Scraped caption text data:

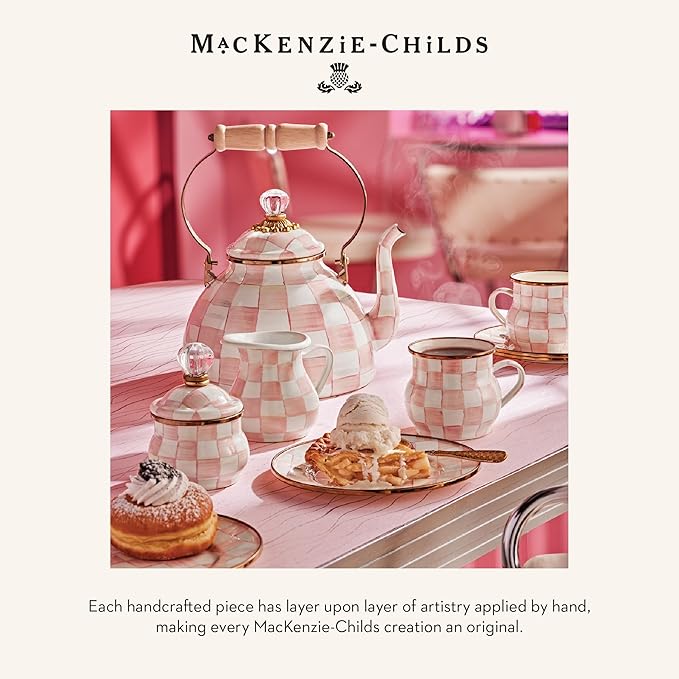 MACKENZIE-CHILDS Enamel Pedestal Platter, Round Cake Stand, Small, Pink-and-White Rosy Check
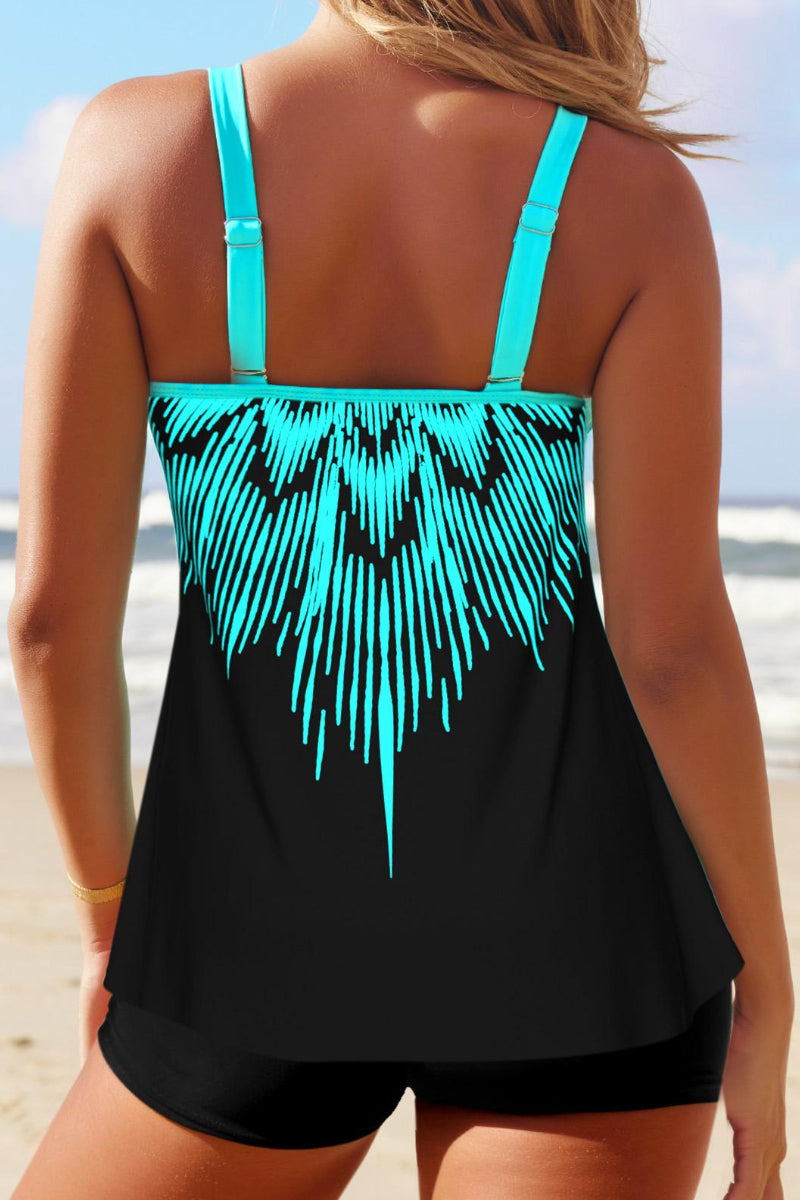 Plus Size Ombre Cyan Tankini Set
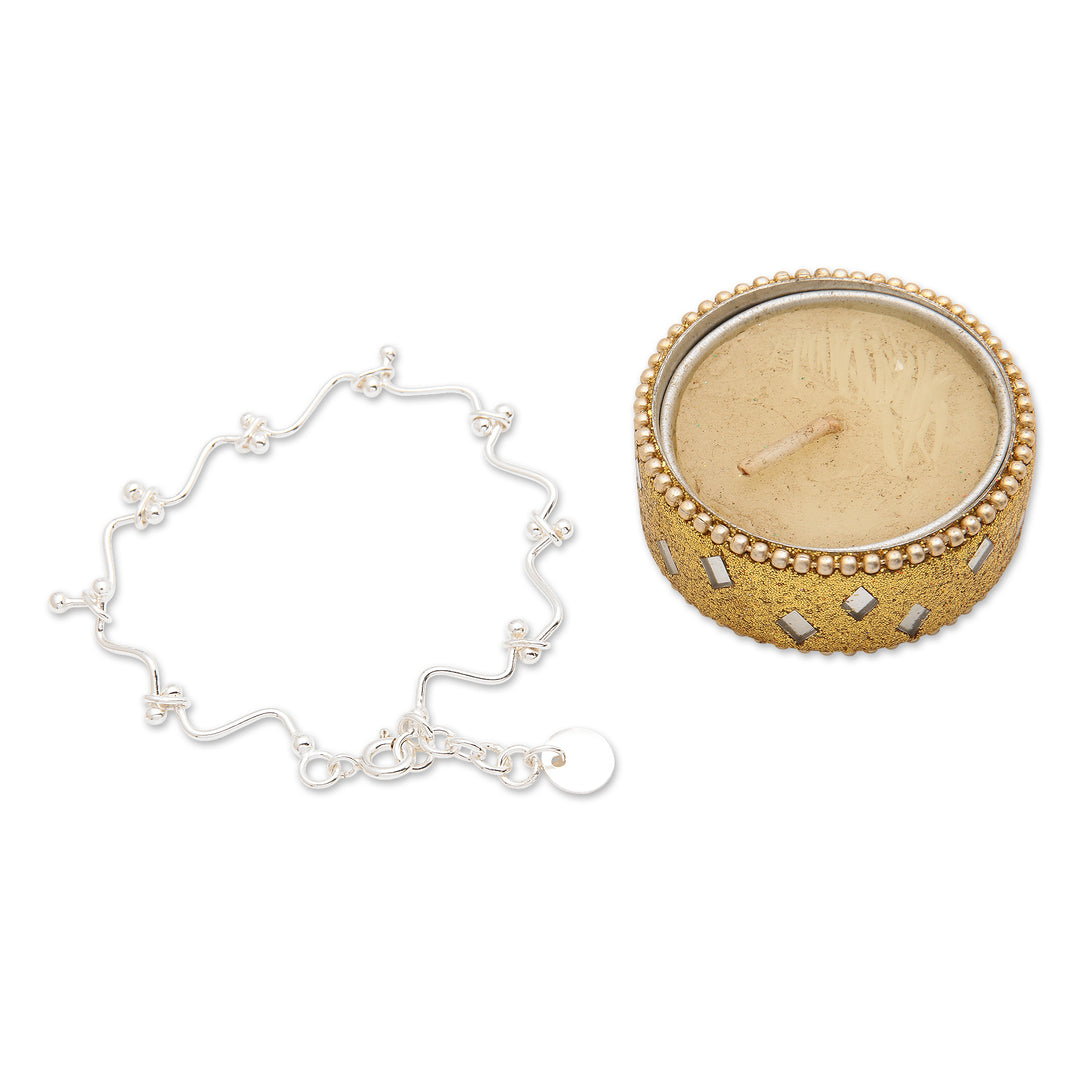 High-Polished Wavy Sterling Silver Charm Bracelet from Bali - Wavy Luck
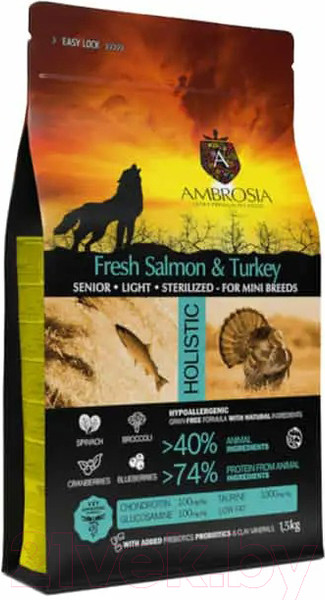 Изображение товара Сухой корм для собак Ambrosia Grain Free для пожилых мини-пород лосось и индейка / U/ASTM1.5 (1.5кг)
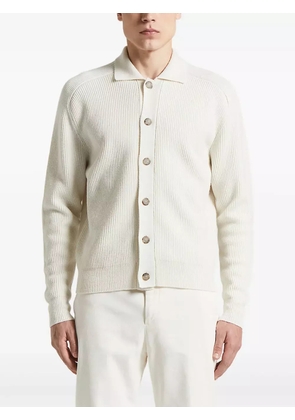Peserico ribbed polo-neck cardigan - White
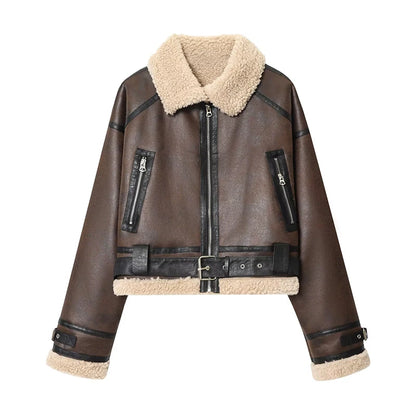 Vintage Furry Leather Women Winter Coats Big Lapel Long Sleeve Zipper Warm Outerwear 2025 Winter Chic Lady Street Short Jackets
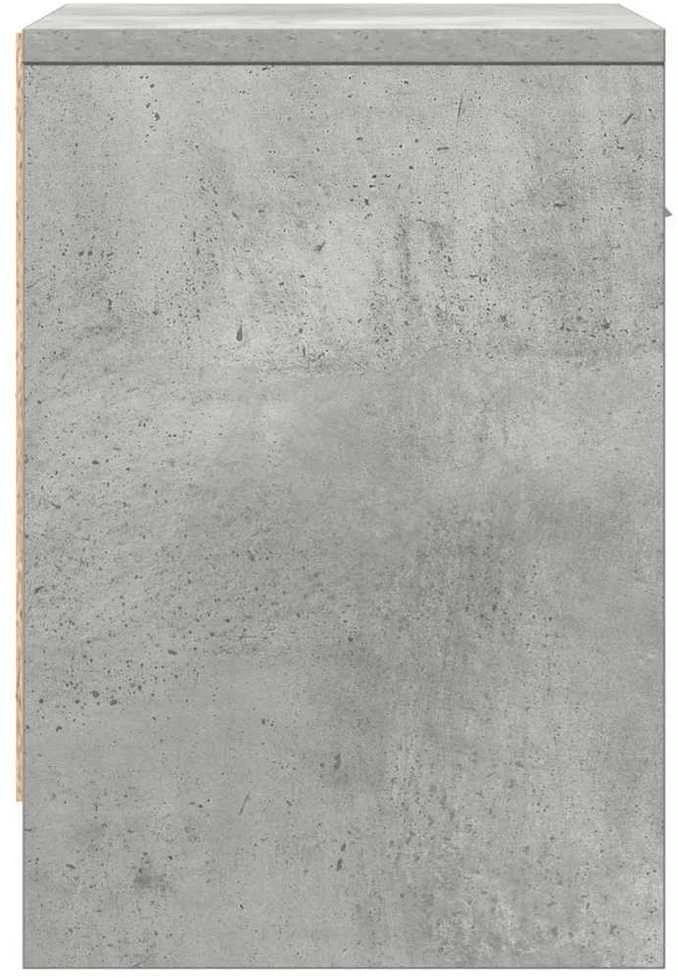 Naktinė spintelė su stalčiumi, betono pilka, 39x28x41cm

> [Instructions for the task]
Where the line containing "Изображение товара Сухой" appears in the entries above, start there and set down every line exactly through the last one, inclusive; omit pictures.

> [Answer for this exercise]
 Изображение товара Сухой корм для собак Ambrosia Grain Free для пожилых мини-пород лосось и индейка / U/ASTM1.5 (1.5кг)
Peserico ribbed polo-neck cardigan - White
 Vintage Furry Leather Women Winter Coats Big Lapel Long Sleeve Zipper Warm Outerwear 2025 Winter Chic Lady Street Short Jackets
 Naktinė spintelė su stalčiumi, betono pilka, 39x28x41cm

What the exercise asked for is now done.